(Beginning of Records for the exercise)

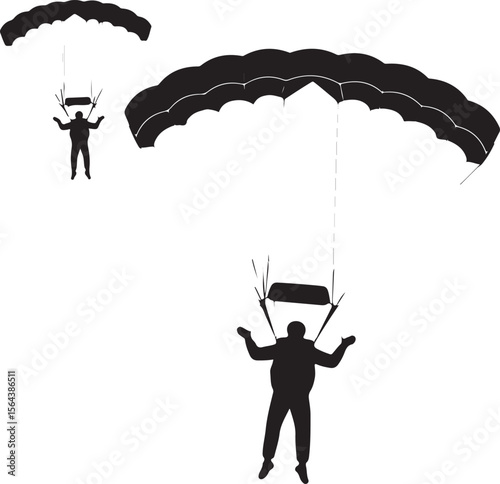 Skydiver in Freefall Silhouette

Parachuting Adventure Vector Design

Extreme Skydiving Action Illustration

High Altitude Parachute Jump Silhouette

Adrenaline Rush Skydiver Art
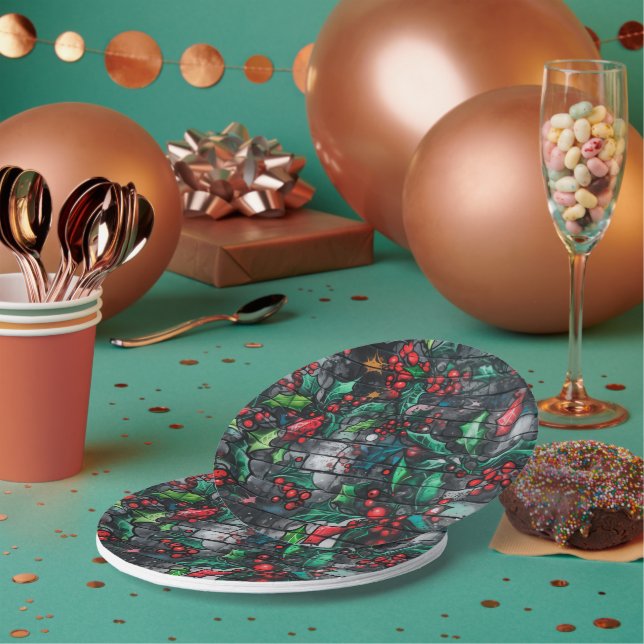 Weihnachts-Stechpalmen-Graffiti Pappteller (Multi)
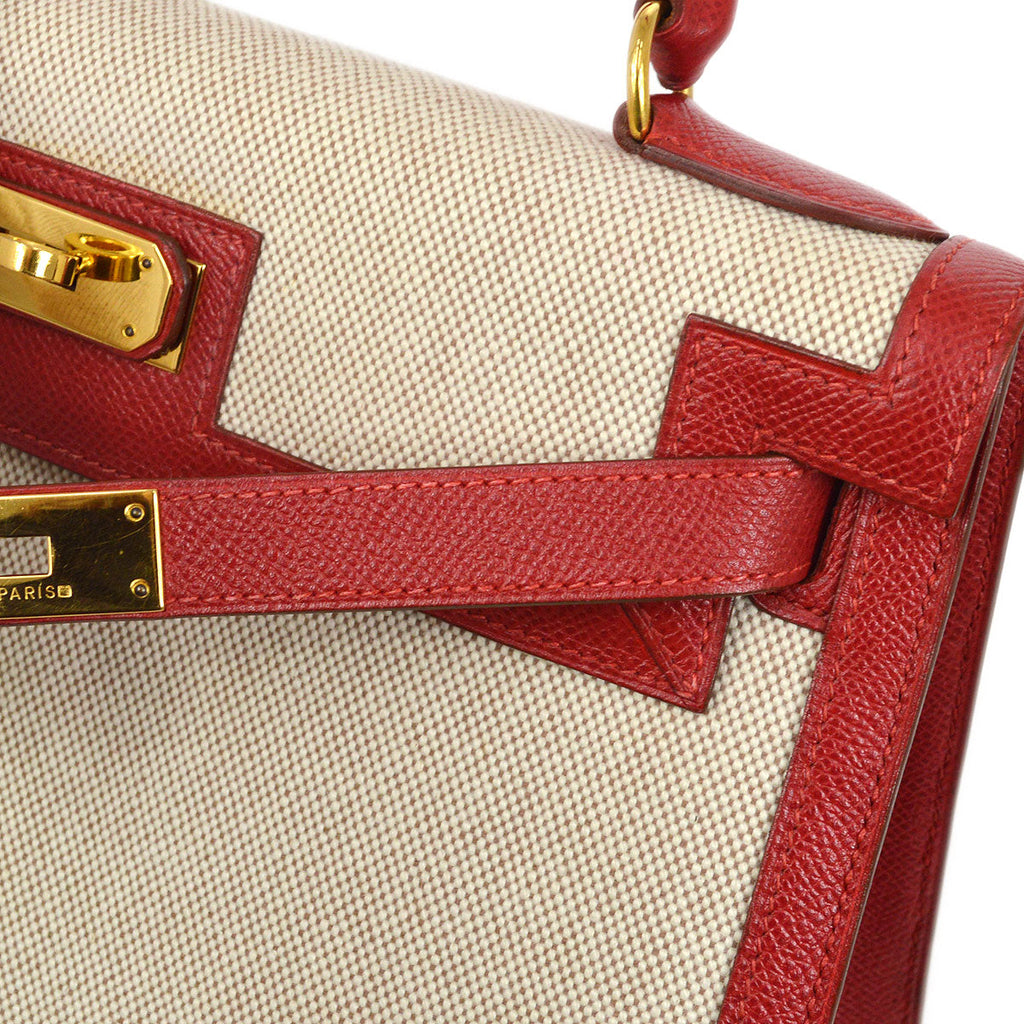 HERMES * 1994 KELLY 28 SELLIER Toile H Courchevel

(End of Records for the exercise)
(Beginning of Records for the exercise)

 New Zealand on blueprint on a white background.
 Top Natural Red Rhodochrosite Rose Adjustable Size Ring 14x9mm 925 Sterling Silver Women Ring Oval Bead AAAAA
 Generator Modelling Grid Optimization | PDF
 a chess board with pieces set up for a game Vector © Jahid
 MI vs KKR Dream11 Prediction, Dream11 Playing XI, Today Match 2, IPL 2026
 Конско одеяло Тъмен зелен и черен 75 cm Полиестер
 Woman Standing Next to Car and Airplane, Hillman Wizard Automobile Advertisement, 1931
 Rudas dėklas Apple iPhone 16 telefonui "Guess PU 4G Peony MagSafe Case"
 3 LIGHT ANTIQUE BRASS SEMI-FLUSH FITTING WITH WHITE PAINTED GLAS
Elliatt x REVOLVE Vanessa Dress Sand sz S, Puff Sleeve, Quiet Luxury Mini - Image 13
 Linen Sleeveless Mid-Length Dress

(End of Records for the exercise)

* Task requirements *
With the line holding "Woman Standing Next" as the first and the line holding "Linen Sleeveless Mid-Length Dress" as the last, set down that range of the entries above exactly, and nothing else.

* Response to this task *
 Woman Standing Next to Car and Airplane, Hillman Wizard Automobile Advertisement, 1931
 Rudas dėklas Apple iPhone 16 telefonui "Guess PU 4G Peony MagSafe Case"
 3 LIGHT ANTIQUE BRASS SEMI-FLUSH FITTING WITH WHITE PAINTED GLAS
Elliatt x REVOLVE Vanessa Dress Sand sz S, Puff Sleeve, Quiet Luxury Mini - Image 13
 Linen Sleeveless Mid-Length Dress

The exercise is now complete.